Previous thread: [RFC PATCH 04/11] sched: debug cleanup place entity by Mathieu Desnoyers on Thursday, August 26, 2010 - 11:09 am. (1 message)

Next thread: [PATCH] drivers/net/: ll_temac_main.c & ll_temac.h: Adding ethtool interface by Ville Sundell on Thursday, August 26, 2010 - 11:13 am. (2 messages)
From: Mathieu Desnoyers
Date: Thursday, August 26, 2010 - 11:09 am

[Empty message]
From: Peter Zijlstra
Date: Thursday, August 26, 2010 - 11:57 am

So we have the following components to this patch:

  - dynamic min_vruntime -- push the min_vruntime ahead at the
       rate of the runqueue wide virtual clock. This approximates
       the virtual clock, esp. when turning off sleeper fairness.
       And is cheaper than actually computing the virtual clock.

       It allows for better insertion and re-weighting behaviour,
       but it does increase overhead somewhat.

  - special wakeups using the next-buddy to get scheduled 'soon',
       used by all wakeups from the input system and timers.

  - special fork semantics related to those special wakeups.


So while I would love to simply compute the virtual clock, it would add
a s64 mult to every enqueue/dequeue and a s64 div to each
enqueue/re-weight, which might be somewhat prohibitive, the dyn
min_vruntime approximation seems to work well enough and costs a u32 div
per enqueue.

Adding a preference to all user generated wakeups (input) and
propagating that state along the wakeup chain seems to make sense,
adding the same to all timers is something that needs to be discussed, I
can well imagine not all timers are equally important -- do we want to
extend the timer interface?

If we do decide we want both, we should at the very least merge the
try_to_wake_up() conditional blob (they're really identical).

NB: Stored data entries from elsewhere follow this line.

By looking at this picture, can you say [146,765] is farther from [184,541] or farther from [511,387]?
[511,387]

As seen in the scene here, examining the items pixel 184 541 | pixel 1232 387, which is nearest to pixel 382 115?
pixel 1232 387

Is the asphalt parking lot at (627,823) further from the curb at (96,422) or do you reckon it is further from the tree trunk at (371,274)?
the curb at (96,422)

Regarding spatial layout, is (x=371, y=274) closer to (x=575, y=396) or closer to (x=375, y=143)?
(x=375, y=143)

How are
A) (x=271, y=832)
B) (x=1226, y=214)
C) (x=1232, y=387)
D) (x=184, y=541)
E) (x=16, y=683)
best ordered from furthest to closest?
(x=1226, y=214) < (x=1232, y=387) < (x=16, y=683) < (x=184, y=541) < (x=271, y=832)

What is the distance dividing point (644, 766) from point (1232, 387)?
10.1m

Preferably
we should reduce ttwu(), not add more to it... 

Fudging fork seems dubious at best, it seems generated by the use of
timer_create(.evp->sigev_notify = SIGEV_THREAD), which is a really
broken thing to do, it has very ill defined semantics and is utterly
unable to properly cope with error cases. Furthermore its trivial to
actually correctly implement the desired behaviour, so I'm really
skeptical on this front; friends don't let friends use SIGEV_THREAD.


--

From: Thomas Gleixner
Date: Thursday, August 26, 2010 - 2:25 pm

SIGEV_THREAD is the best proof that the whole posix timer interface
was comitte[e]d under the influence of not to be revealed
mind-altering substances.

I completely object to add timer specific wakeup magic and support for
braindead fork orgies to the kernel proper. All that mess can be fixed
in user space by using sensible functionality.

Providing support for misdesigned crap just for POSIX compliance
reasons and to make some of the blind abusers of that very same crap
happy would be a completely stupid decision.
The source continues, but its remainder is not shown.